If you have been keeping an eye on the UK industry, you may already know that the Bank Of England has increased the interest rates from 0.5 percent to 0.75 percent after much hype.
Expecting solid employment levels, strengthening of the economy, a potential increase in wages, and more consumer spending aspects have played a vital role in this decision.
The Bank’s key aspect is to keep up with the increasing cost of living – called as Inflation – under control. It uses the prime key interest rate, called as the base rate or Bank rate, which proves to be a point of reference for how much banks and the developing economies pay their savers and charge from their borrowers in terms of interest.

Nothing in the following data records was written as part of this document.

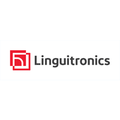 linguitronics co ltd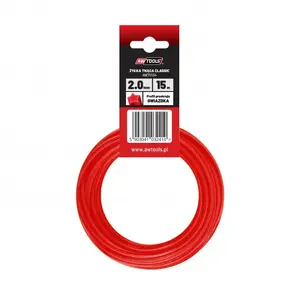 Lawn mower part AWTools AW70133 — spare accessory, weight 28 g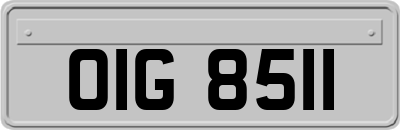 OIG8511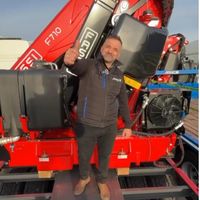 diesel_pete_9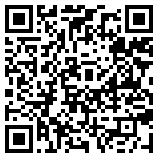 QR Code for Black Duck Software in Foster City, CA 94404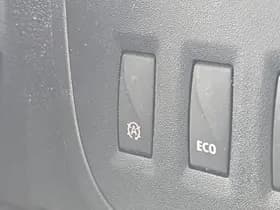 Renault Master thumbnail 10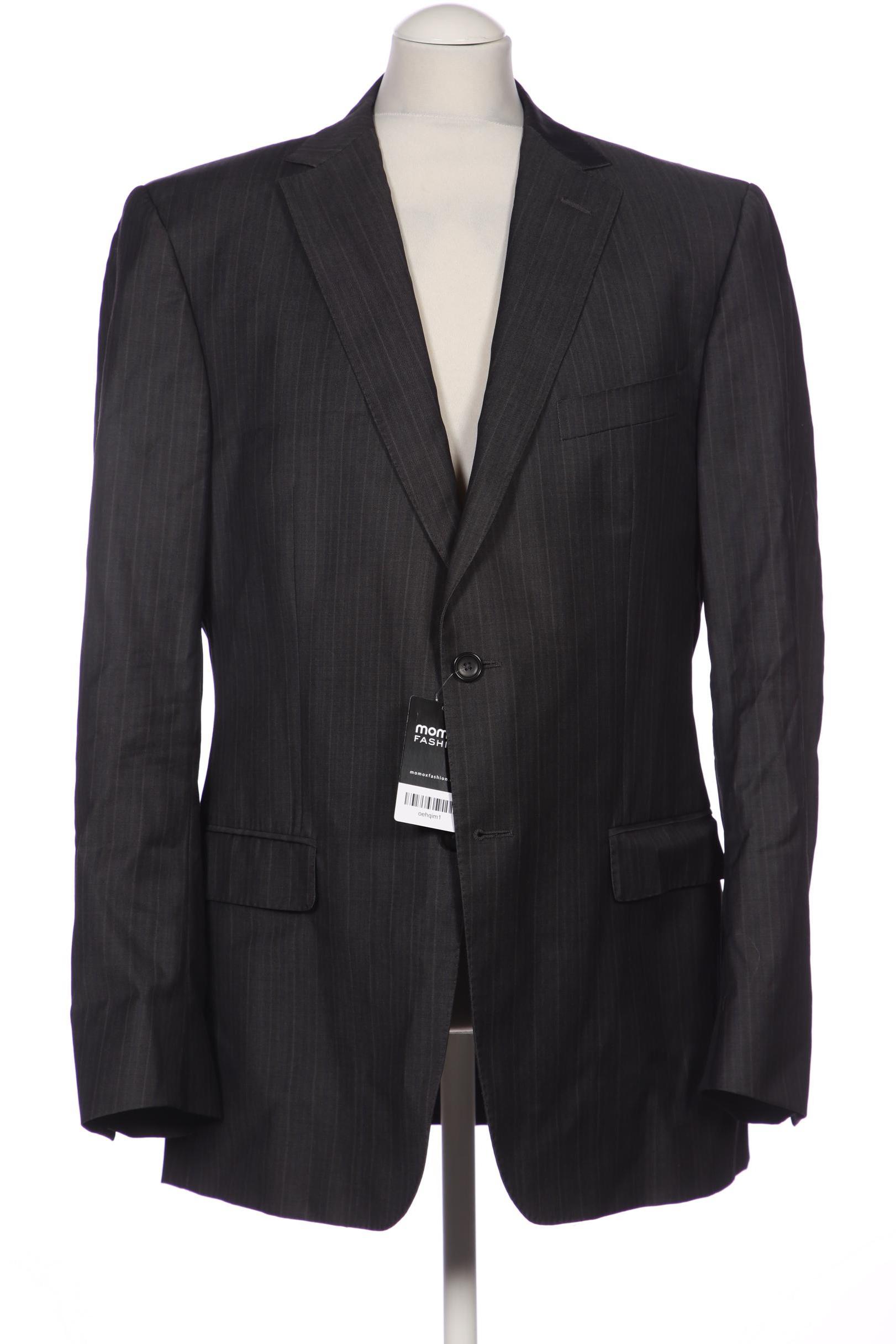 

Z Zegna Herren Sakko, grau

Generally, an increase in the Bank rate is a good sign for the UK’s 45 million savers and borrowers with poor credit ratings – however, the reality is a bit more nuanced.
The Key Aspects are:
Interest rate facts:
- The average standard variable mortgage rate is 4.72 percent
- More than 3.5 million residential mortgages are on a tracker or variable rate
- On a £150,000 variable mortgage, an increase of 0.75 percent will raise the annual cost by £224
A bank rate increase does not assure an equivalent increase in the interest rate being paid to the savers. Half of it did not move after the last increase in the rate. Check out the UK interest rate history today!
No easy access saving account at the main High Street bank pays an interest rate of more than 0.5 percent.
Variable-rate mortgages
When considering the UK, around 9.1 million households run on mortgage. Out of all these, more than 3.5 million are on a tracker or variable rate. These homeowners would be the most affected, as their monthly payments would increase. Although this is a small increase, which will not be specifically painful for most of the homeowners out there today, but some may find it to be an extra burden.
Those on such tracker rates tend to be older, and with comparatively small outstanding mortgage balances. The average outstanding balance is around£112,000. For someone with 20 years left on their mortgage will find their monthly bill increasing by approx £14 a month. However, those who have a larger balance will definitely see an increase in their mortgage bills.